Jokertown Shuffle
Zelda didn't change expression. She merely leaned back, still smiling, and threw a side kick that snapped Loeffler's neck. His body hitting the floor was the only sound in the room. Veronica thought of the carnage in the bank and Hannah's swinging corpse. She thought she might pass out. She made herself kneel next to Loweffler's body and reach for a pulse in his throat.
Zelda slapped her hands away. "He's dead. Trust me."
"Jesus," Veronica said.
"Sorry," Zelda said without conviction. " I wasn't thinking."
"Zelda, for Christ's sake," someone said.
"You really are a loose cannon," Toni said.
Nobody but Veronica seemed particularly shocked or upset. Nancy looked at Veronica and said, "Uh-oh. Trouble." Toni took Veronica's hand and pulled her to her feet. "Give me your room key. We take care of this. You get across the street and catch a train home. Can you do that?" Veronica nodded.
"Shit," Toni said. "Nancy, you go with her. We handle this."
After they were out of the city, somewhere around Forest Hills, Nancy said: "Are you okay?"
"It's so weird. It's like… like it was all a dream or something."
"That's right," Nancy said. "That's all it was. Just a dream."
It was all over TV the next day. Loeffler's body was found in an alley near Penn Station, apparently the victim of a robbery.
That evening, Nancy came up to tell her they were in the clear. "You don't need to know how they did it," Nancy said. She seemed radiant with success. "But they got him out, and there's nothing to connect us with him at all."
"Doesn't it bother you?" Veronica asked. "That he's dead?"
"Look, I'm not crazy about violence either. But you have to remember. The guy was scum.

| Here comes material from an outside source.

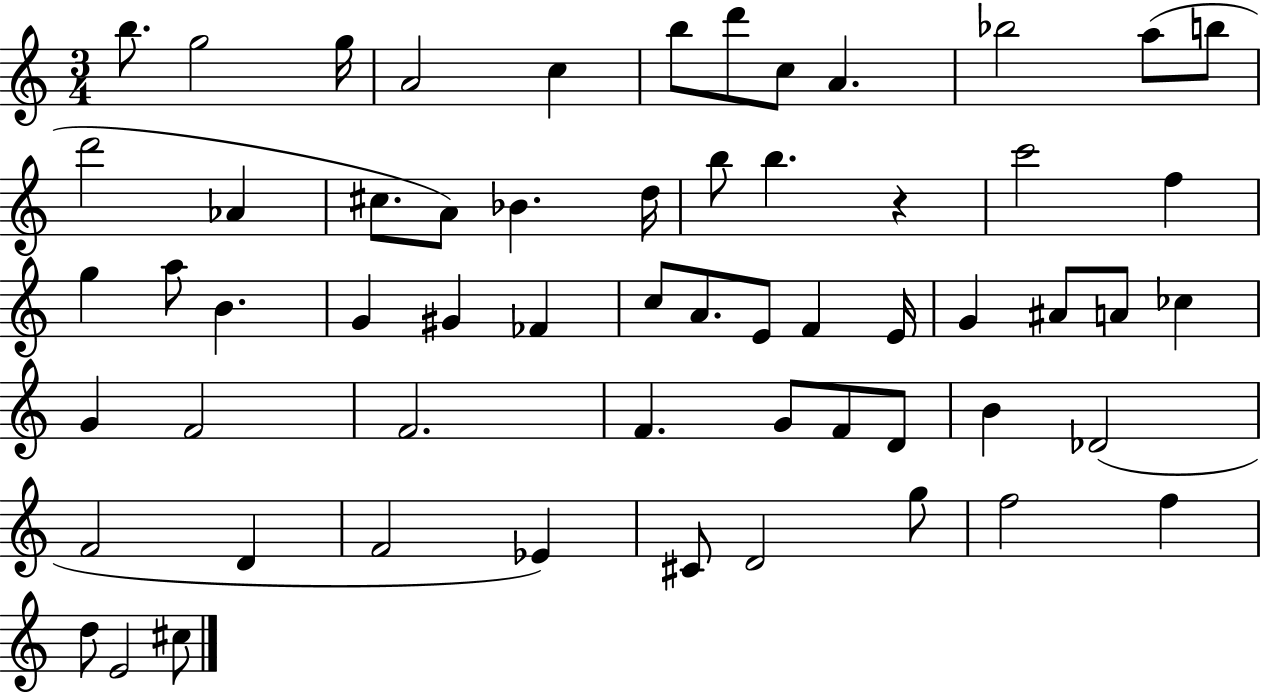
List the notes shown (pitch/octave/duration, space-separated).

B5/e. G5/h G5/s A4/h C5/q B5/e D6/e C5/e A4/q. Bb5/h A5/e B5/e D6/h Ab4/q C#5/e. A4/e Bb4/q. D5/s B5/e B5/q. R/q C6/h F5/q G5/q A5/e B4/q. G4/q G#4/q FES4/q C5/e A4/e. E4/e F4/q E4/s G4/q A#4/e A4/e CES5/q G4/q F4/h F4/h. F4/q. G4/e F4/e D4/e B4/q Db4/h F4/h D4/q F4/h Eb4/q C#4/e D4/h G5/e F5/h F5/q D5/e E4/h C#5/e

With him dead, his daughter takes over GF amp;G. It becomes a women's corporation, and that's going to make things better for women everywhere." Veronica remembered Loeffler's childlike energy, the way he threw himself into sex with unrestrained enjoyment. She remembered the flowers he'd always brought her, his sense of humor. "I guess," she said.
The next Saturday, one of the women brought in photos of Zelda and Loeffler that she'd printed up herself at work. They were passed around to much laughter and admiration.
There was a nervousness behind the bravado. Veronica felt it, and the others probably did too, but no one mentioned it. Veronica left the meeting early, and the next Saturday she stayed in her room. No one came to invite her downstairs, and Nancy never mentioned W O. R. S. E. again.
Donald-whoever he was-had put Veronica off her feed. She left Close Encounters and went home, put a frozen dinner in the micro, and turned on the news. They had a feature story on the Rox, a follow-up on the unsuccessful park ranger raid back in February.
"Admit it," the reporter said to some man in a ranger uniform. "Those kids could have done a lot worse if they wanted. It was like they didn't even take you seriously. A few people got shot up, but that was all. They made fools out-of you."
"Mister," the ranger said, "you don't know what's out there on that island. It's worse than you could ever imagine. Just pray to God you don't ever find out."
Veronica had saved one photo of Hannah. It had been sitting on an end table, but she'd gotten to where the constant sight of it was a reproach. Now she took it out again and sat down with it in front of the TV She realized she had never cried for Hannah, not once in the sixteen months since her death. With that thought, the tears came.
Jumpers, she thought. They made fools of all of us.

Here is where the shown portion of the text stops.